The hotel is haunted, however, by the ghost of Princess Caroline Stuckney. (Not to be confused with Princess Caroline of Monaco, the daughter of Grace Kelly.) When resort founder Joseph Stuckney died, Caroline married Prince Lucinge of France. Upon the Prince’s death, she returned to live in room 314 of the Omni. Often, her ghost is seen brushing her hair on the end of the bed in that room or looking out its balcony window at the golfers playing below. Guests staying in her room may even catch a hint of her perfume, or find the bathtub filling itself on its own. Ghost Hunters did.

In short, she may be the scariest thing about the golf course. Warm and welcoming fairways with bunkers featuring mild faces and open routes to most greens make for an enjoyable, low impact round, a nice breather for a Ross course. The par-5s are all majestic showstoppers, especially when you stand on the sixth tee box and see mighty Mount Washington wreathed in cloud in the distance behind the green, and the fairway peppered randomly with bunkers.

The out-and-back routing, featuring just three par-5s and three par-3s, never feels boring or monotonous as the course builds to a crescendo as the round progresses.

Just an idea, but please lose the candy stripe posts in the middle of the fairway. I hit two of them off the tee in the first seven holes, and the ricochet off that hunk of plastic rocketed the ball backwards one time and sideways the other. (So that old excuse of “No one actually hits them” won’t fly…) Even resort players don’t need an arrow and a honking sign that says “GREEN THAT-A-WAY” in the middle of those beautiful, old school fairways. What would Ross say?

While in high season on weekends, greens fees can be as high as $130, in shoulder season the rates drop dramatically, as low as $42 during the week, a solid bargain for what you get.

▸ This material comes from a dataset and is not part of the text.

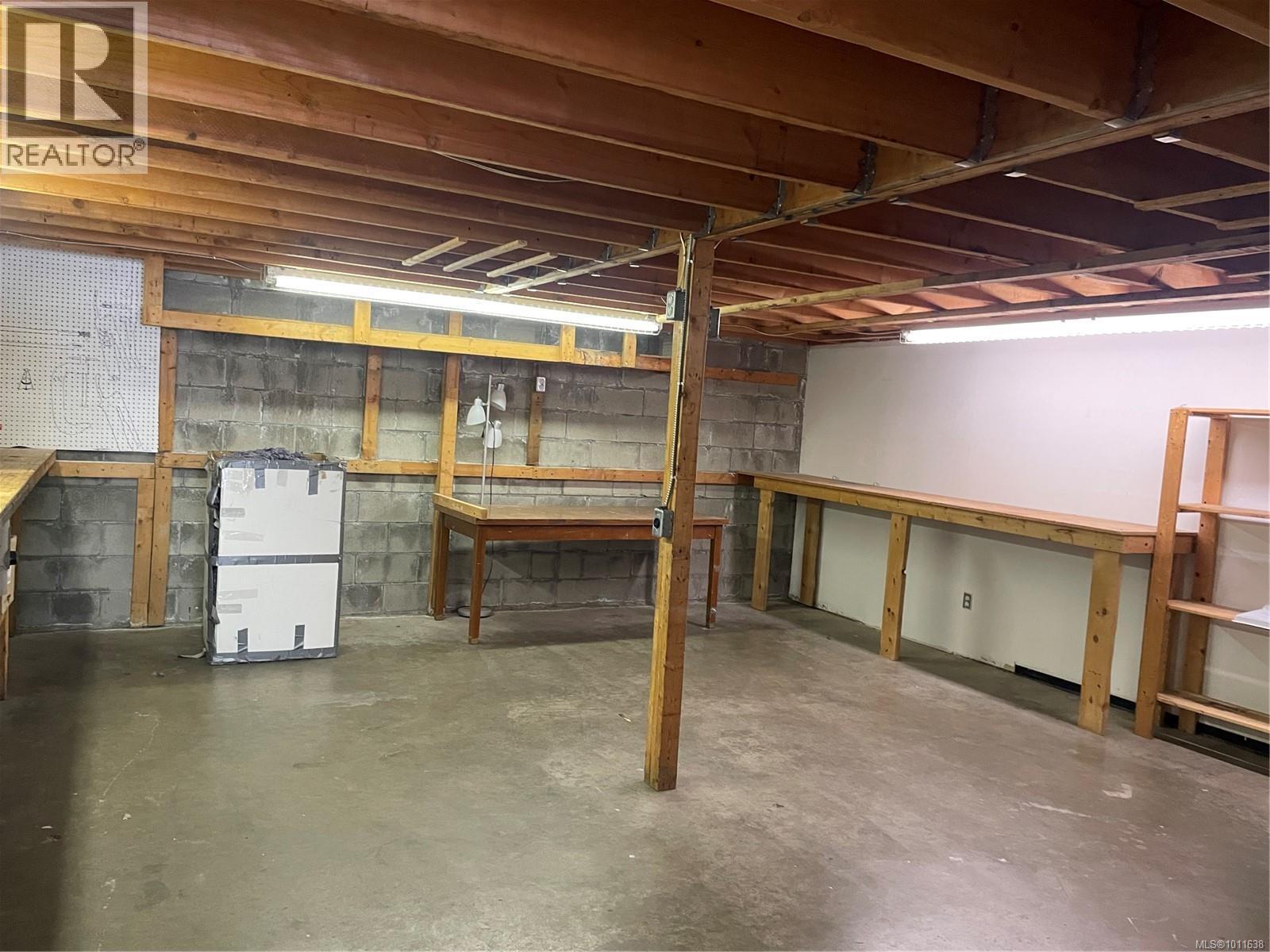 3 515 Dupplin Rd, Saanich, British Columbia  V8Z 1C2 - Photo 2 - 1011638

The course bears more than a passing resemblance to the Links Course at Lake Placid Golf Resort, another course of Golden Age vintage in the shadow of one of America’s greatest ski resorts: 1980 Olympics venue Whiteface Mountain.

There is also a short 9-hole course designed by Alex Findlay (of Moraine Country Club fame) built in 1895 and restored by Geoffrey Cornish and Brian Silva in 1989.